Honduras won the dubious distinction of having the highest murder rate in the world in the years since the U.S.-supported coup. Coup supporters used the overthrow of the elected government to settle scores against social justice movements and the poor.
Contrary to stereotypes about predominately Roman Catholic countries, Honduras has a vibrant Lesbian, Gay, Bisexual and Transgender (LGBT) movement which is among the leading forces organizing against the coup regime. LGBTs there have joined indigenous peoples, African descendants, farmers, teachers, women, students, and trade unionists in numerous, massive, non-violent street demonstrations of resistance.
This summer and fall, in the run up to the country's first contested election since the coup, many fear that the violence will get even worse. The purpose of the tourorganized by the Gay Liberation Network, La Voz de los de Abajo and the Chicago Religious Leadership Network on Latin America is to raise international awareness about the dire situation in the country and use the spotlight of publicity to add a higher level of safety for activists there.
Included in the presentations will be a short film produced by the Gay Liberation Network which was shot during a September 2012 solidarity delegation to Honduras organized by La Voz de los de Abajo.

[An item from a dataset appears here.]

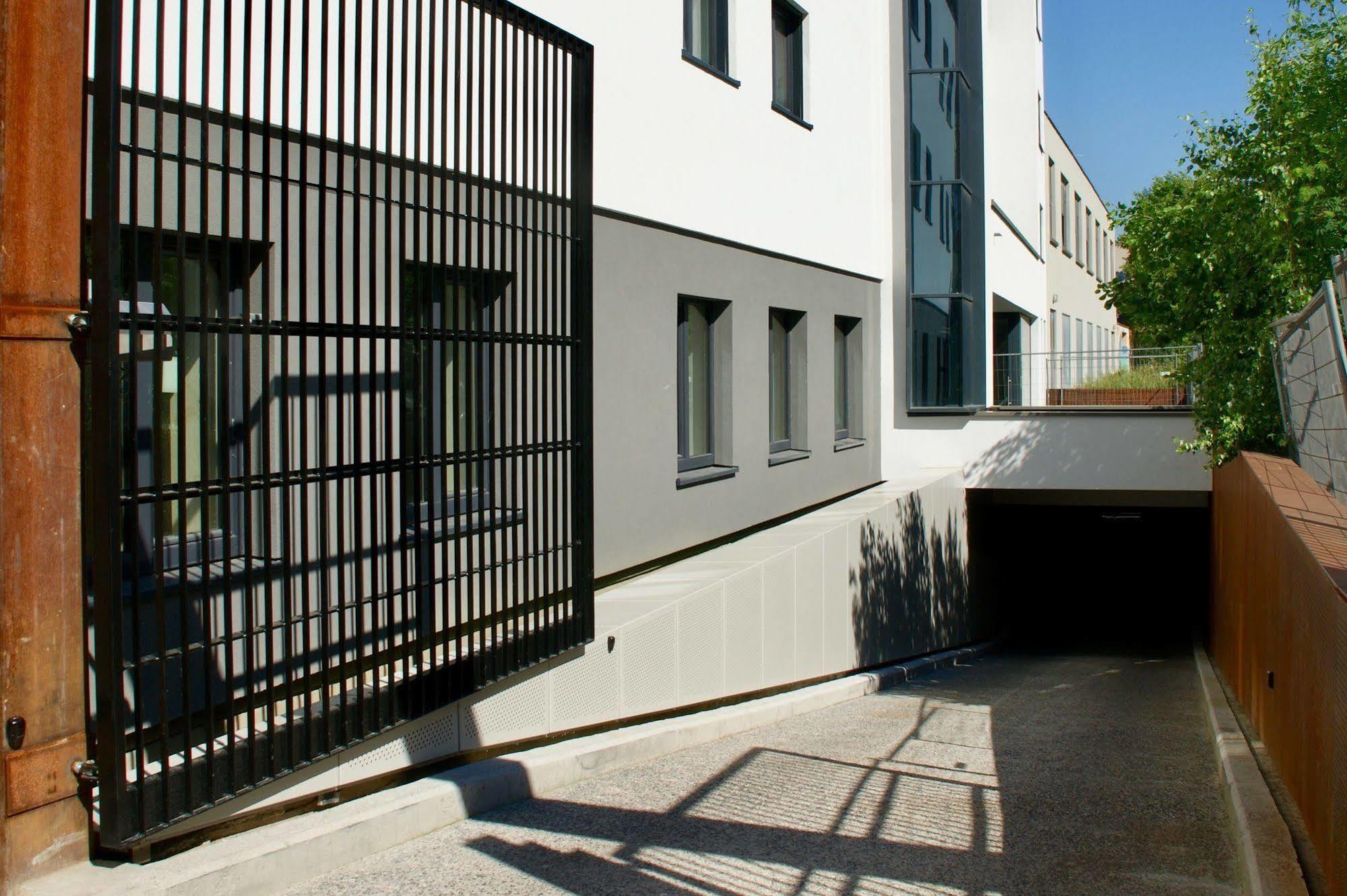 Hotel Belle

Footage in the film shows armed guards of the nation's largest landowner firing in the direction of the delegation to intimidate them from investigating a murder that had happened just a few days before.
In addition to Atlanta, Palacios will be giving presentations at and attending leadership meetings in Milwaukee, Madison, Green Bay, Cleveland, New York, Washington, DC and Chicago (Chicago will have two public events, one in English and one in Spanish).